During its four-year run, the gallery featured 32 solo and 10 group exhibitions.
It celebrated young artists, many just emerging from the creative kiln of MICA. It helped seed an audience for the American Visionary Arts Museum. It raised awareness of AIDS, and the need to fund outreach and treatment, through a groundbreaking fund-raiser for HIV-Experience Resources Organization (HERO). It displayed the sensibilities of LGBTQ artists and themes of social justice. It elevated unconventional and provocative work at a time when the federal government was questioning the purpose of art -- and the art world was seeking to redefine itself.
Rebecca Hoffberger, founder and director of the American Visionary Arts Museum, says the gallery’s 1987 exhibit of American outsider art, work created by self-taught artists who often had mental illness, helped pave the way to the opening of AVAM eight years later. The show introduced Baltimore to an art world operating by its own vividly original rules.
“Whether as a gallery owner or activist in the community, George has always been a consummate teacher,” she says. “And I feel that his work in curation has been an extension of the things he loves most.”
The diverse voices in his shows – whether solo, two-person or group – provide a portrait of Ciscle’s desire not only to advocate for challenging perspectives but also to build a community that could acknowledge them. By the time he realized he needed to extend his professional platform, The George Ciscle Gallery had accomplished its mission: Providing experiences that both informed and lingered with its artists, patrons and admirers.
Critics praised its “beautifully installed exhibits of venturesome art.” The late art critic John Dorsey called “one of the most imaginative contemporary art galleries we’ve ever had in Baltimore.”
A SIngular Vision
The gallery was different, according to its artists. So different, in fact, that many people weren’t quite sure what it was.
“George had to really educate the public,” remembers sculptor John Ruppert. “People would come in and ask ‘Is this work for sale?’ That gallery was a great inspiration to the art presence here in Baltimore. He really got behind his artists and was very dedicated to them.”

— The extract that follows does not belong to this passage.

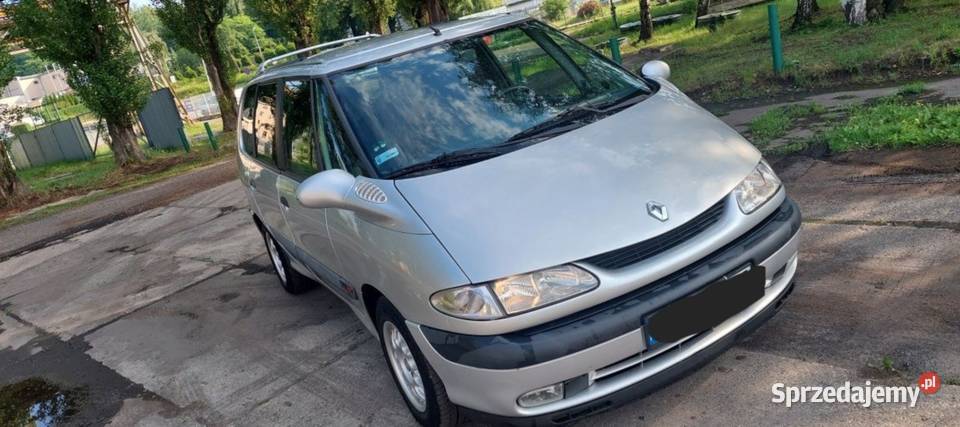 Renault Espace 3 20 16V LPG Wałbrzych sprzedam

Artist Trace Miller praises the way Ciscle staged and curated shows. “George could make anything look good. I remember you’d walk into his gallery on Morton Street and it was like walking into a gallery in Chelsea, New York. It had this air of professionalism.”
“George was not afraid of showing really large works that probably wouldn’t sell because most people wanted stuff that was going to fit on their wall,” remembers painter Joan Stolz. “He didn’t seem to be so concerned with what would be a commercial success.”
Lazarus says that the ideas and insights forged in those gallery days formed the basis of Ciscle’s future curatorial career at The Contemporary and at MICA. Working with young artists and students led Ciscle to conceive of the “un-museum” that further defied the existing conventions for exhibiting art.
“The gallery gave George the opportunity in a sense to seed his own philosophy, and then the Contemporary let him expand it in a really significant way,” Lazarus notes.
“George always saw the triangle between the art, the artist, and the community, and considered his work as basically bringing those three pieces together. While the traditional gallery would look at the art from the point of view of potential patrons, George was much more concerned about the impact that the show and the artist would have on the community.”
But he was also devoted to the work of helping art lovers to build their private collections. Stan Mazaroff, an early board member of The Contemporary, says that Ciscle introduced him and his wife Nancy Dorman to the work of the late artist Keith Martin in 1985. With the gallery owner’s guidance, the couple purchased watercolors by Martin as well by another gallery artist, the late Robert Reid. He calls Ciscle “spirited, knowledgeable, innovative and intellectually courageous.”
“I learned early on that George is a wonderful, wonderful teacher,” Mazaroff says. “Nancy and I have benefitted greatly from his knowledge and guidance and spirit.”
Lazarus says The George Ciscle Gallery made art accessible at a time when many curators believed that “art should speak for itself.”
“He was always trying to make sure that the art said something that was comprehensible to the audience who was visiting the show,” he recalls. “George was all about written materials that helped articulate the voice of the artist.”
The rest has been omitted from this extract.